(AVAILABLE DATA)

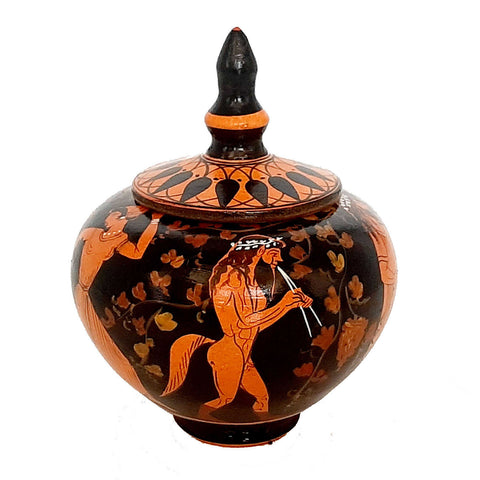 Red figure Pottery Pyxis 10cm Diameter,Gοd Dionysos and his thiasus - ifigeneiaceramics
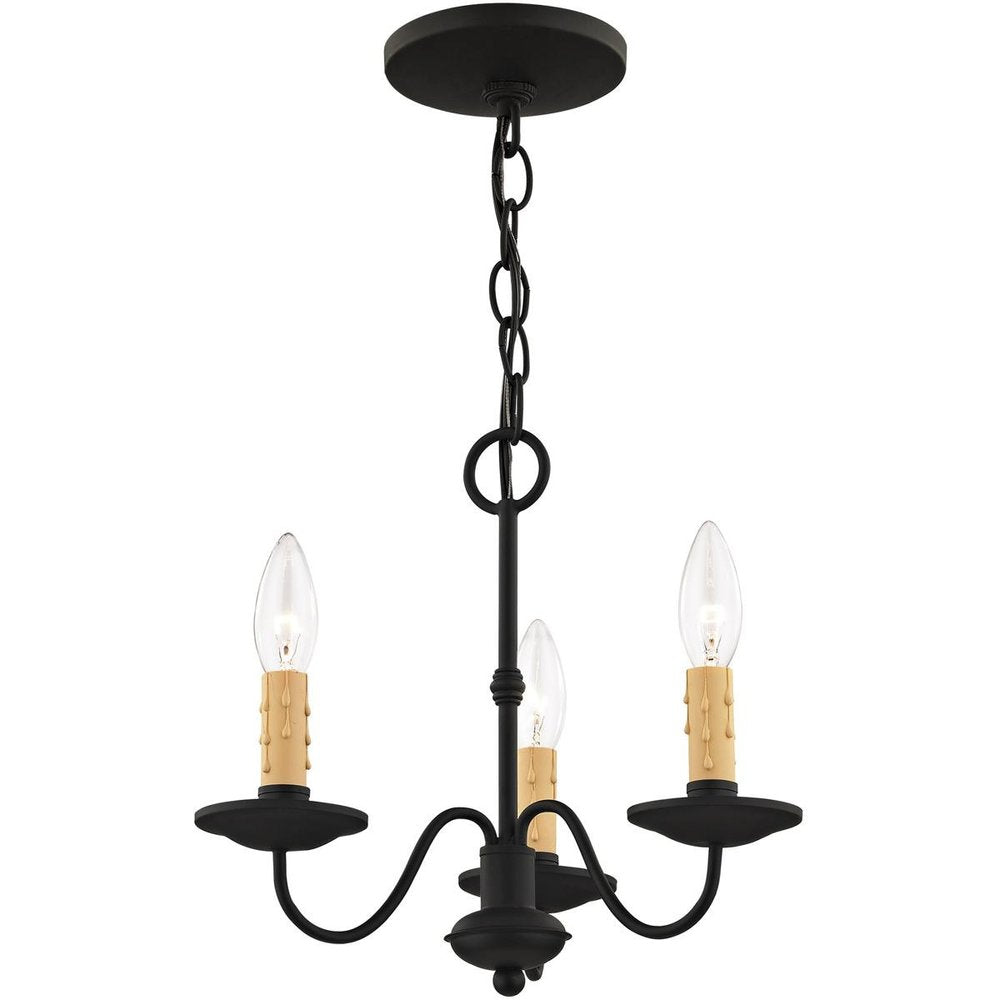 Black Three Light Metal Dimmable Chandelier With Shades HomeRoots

==

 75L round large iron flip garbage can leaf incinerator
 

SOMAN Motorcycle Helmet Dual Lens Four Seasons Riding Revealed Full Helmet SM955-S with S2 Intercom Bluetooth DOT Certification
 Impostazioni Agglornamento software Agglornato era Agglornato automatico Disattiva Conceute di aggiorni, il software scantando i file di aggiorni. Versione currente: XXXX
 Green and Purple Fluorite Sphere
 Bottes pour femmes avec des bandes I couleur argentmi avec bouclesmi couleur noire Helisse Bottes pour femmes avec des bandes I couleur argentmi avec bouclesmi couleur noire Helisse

(WHAT TO PRODUCE) Above are the records; repeat exactly the lines from the one holding "Green and Purple Fluorite Sphere" down to the one holding "noire Helisse Bottes", end lines included.

(ANSWER FOR THIS EXERCISE)
 Green and Purple Fluorite Sphere
 Bottes pour femmes avec des bandes I couleur argentmi avec bouclesmi couleur noire Helisse Bottes pour femmes avec des bandes I couleur argentmi avec bouclesmi couleur noire Helisse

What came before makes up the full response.